How much do #FreeThrowsMatter to Syracuse basketball?

Syracuse forward Oshae Brissett
Syracuse forward Oshae Brissett (11) shoots a free throw against Colgate. Mandatory Photo Credit: Initra Marilyn, The Juice Online.

Basketball practice has been going on for the Syracuse Orange for almost three weeks now, meaning something is looming around the corner – the return of #FreeThrowsMatter, a cherry-picking hashtag made to take advantage of the way the human brain works.

I understand why it gets used. Free throws stick out during a basketball game. Everything stops! A player gets to shoot the ball, aiming to score points while every player on the opposing team is helpless to do anything about it, save for some muttered trash talk. So, when the ball clangs off the rim or, heaven forbid, touches nothing until it hits the floor, it is a memorable event. The player failed to get points that were FREE! It’s in the name!

Since the free throws happen during these times when everything stops and the entire focus is on the shot and its result, they stick out in the viewers’ memories. So, free throws seem super important for that very reason – they stick out. And missed free throws stick out even more because those are (almost always) more rare events than their successful counterparts.

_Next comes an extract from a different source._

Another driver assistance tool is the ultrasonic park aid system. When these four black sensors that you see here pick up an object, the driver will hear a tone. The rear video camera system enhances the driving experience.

I also understand that the hashtag is somewhere between reductive, disingenuous, and insulting to your intelligence. You know why? The hashtag is rarely used, getting dropped only either when the team is having an off night at the line or the game is close in the waning minutes and free throws have just been attempted (the result of the free throw(s) in question does not matter). The hashtag ignores every other part of the game to that point.

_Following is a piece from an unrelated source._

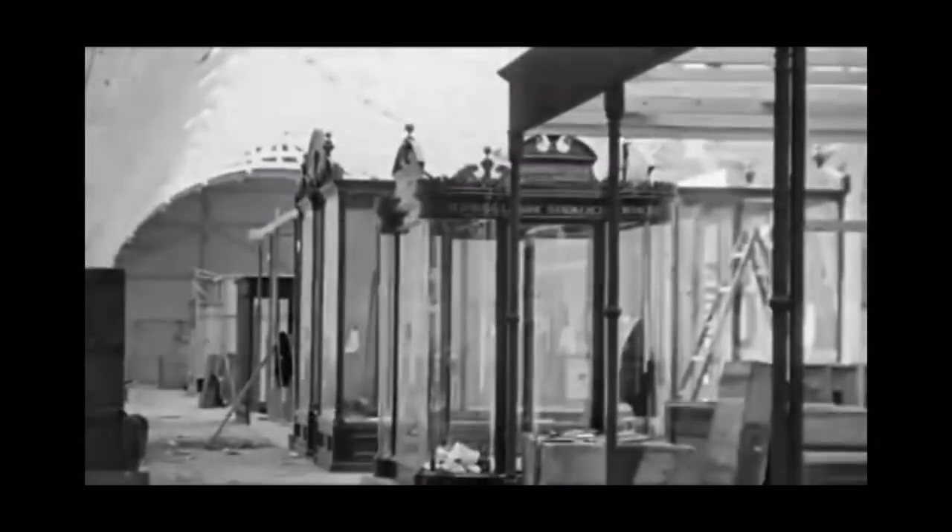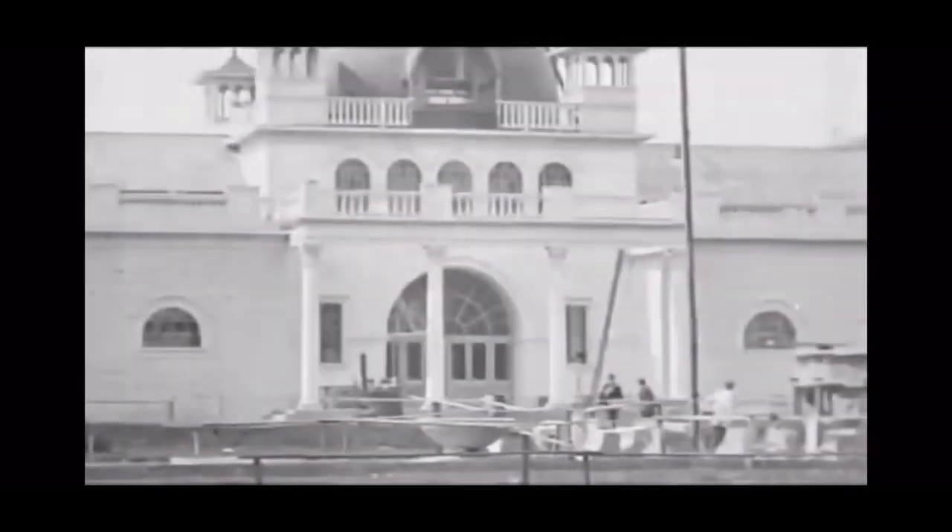This film, shot a month before the event's opening, showcases some of the massive construction work that went behind the 1902 International Exhibition, including the over 170,000 square foot industrial hall.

In truth, the hashtag should be trashed because free throws, over a larger sample size, do not have a strong correlation with winning individual basketball games. In Syracuse’s case, when it comes to winning games, free throw results pale in importance in comparison to things like creating live-ball turnovers that can be turned into fast break points and three-point shooting on both ends of the floor.

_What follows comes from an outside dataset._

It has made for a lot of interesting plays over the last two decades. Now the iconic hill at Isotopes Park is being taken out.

Let’s just start with a simple cause-and-effect with the Orange. Here is the year-by-year free throw percentage and win percentage over the last eight seasons since they joined the ACC (overall, the team has shot 71.5% from the line and has a .625 win percentage in that time):

  • 2013-14: .708 FT%, .824 win %
  • 2014-15: .660 FT%, .581 win %
  • 2015-16: .688 FT%, .622 win %
  • 2016-17: .739 FT%, .559 win %
  • 2017-18: .736 FT%, .622 win %
  • 2018-19: .685 FT%, .588 win %
  • 2019-20: .740 FT%, .563 win %
  • 2020-21: .782 FT%, .643 win %

So, the best season in that span from a won-lost perspective (2013-14) features a slighty below average effort from the charity stripe. The best free throw shooting season (2020-21) generated a winning percentage pretty close to a season (2015-16) where they shot almost ten full percentage points worse from the line.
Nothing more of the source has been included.